Sunday, October 5, 2008
The Gate House by Nelson DeMille
I had never read any other books by Nelson DeMille so I had no warning about what was to come. Certainly his style of writing breathes life into and embodies all that is sarcastic in a protagonist and that fitted John Sutter to a T. I found John's sarcasm to be very difficult to relate to and his snideness made me feel less than sympathetic about the past events in his life. Frankly, in many ways, I am surprised that John ever had a family or friends to come back to. This book wraps up the story of the characters begun in the novel "The Gold Coast".
The book takes place on the Gold Coast on the eastern seaboard of America in the aftermath of 9/11. I only mention this because it is spoken about frequently in the book as it pertains to the changes in people's consciousness about their invincibility or lack thereof.
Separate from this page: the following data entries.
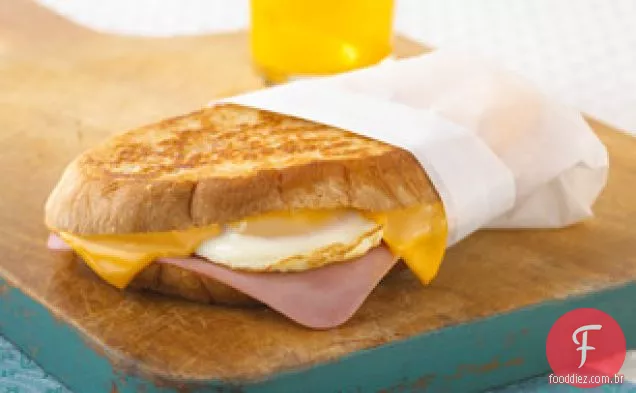 Sanduíche de presunto e ovo de queijo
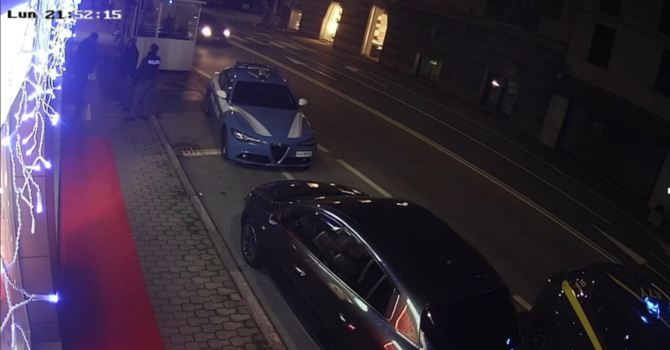 Tentato furto "in prima serata", ladri messi in fuga dall'allarme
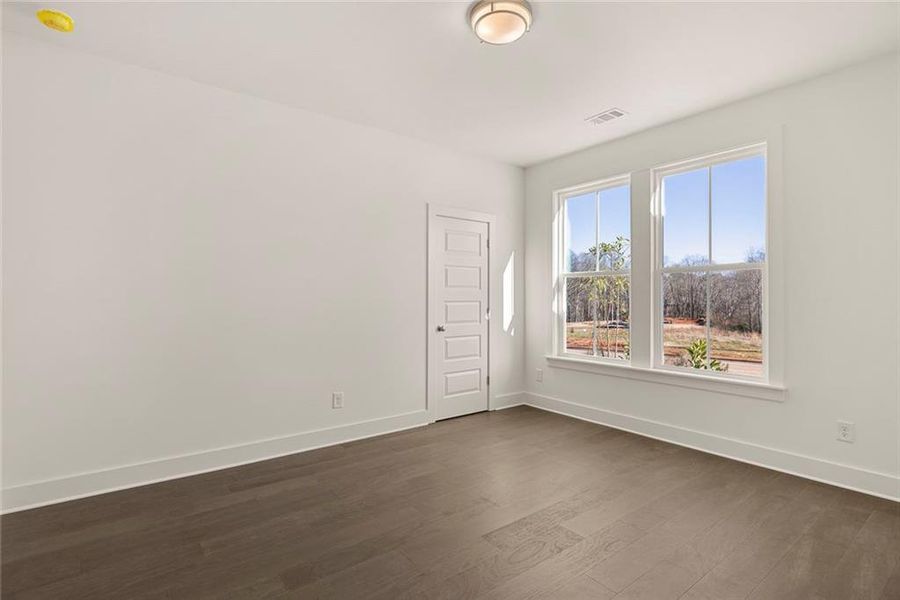 Spacious, unfurnished interior of a new home in , Gainesville (Image 22).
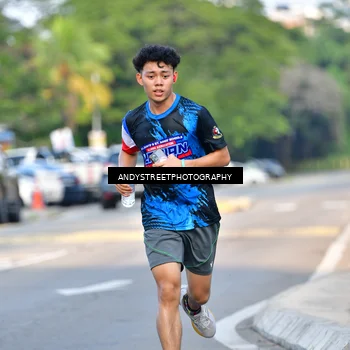 Runner Photo 7646873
John has returned from London, where he has been practising law since he returned from his 3 year adventure sailing around the world. He left his home and family originally when his wife shot her lover Frank Bellarosa, a mafia don, who was testifying for the FBI. The subsequent fallout of notoriety and tabloid fame created a monster that John needed to escape from.
John returns because an old family retainer of his exwife's family, the Stanhopes, is on her deathbed and as her executor he is needed. He takes up residence in the gate house of the old family estate and is disconcerted to find that the son of the old mafia don has moved into the new housing complex that was built on the grounds of Bellarosa's estate. John knows that the son bears his exwife Susan ill will and he is worried about her despite himself. John has had very little contact with his exwife but he needs to impress upon her the seriousness of this situation but also protect himself from further reprisal.
None of the characters were very likable people throughout the entire story but I still became invested in their eventual success and the conclusion was satisfying. Despite myself, I enjoyed this novel as it appealed to the inner secret tabloid reader in me but I found the book to be too long. Reminded me of reading Harold Robbins' books in my teens.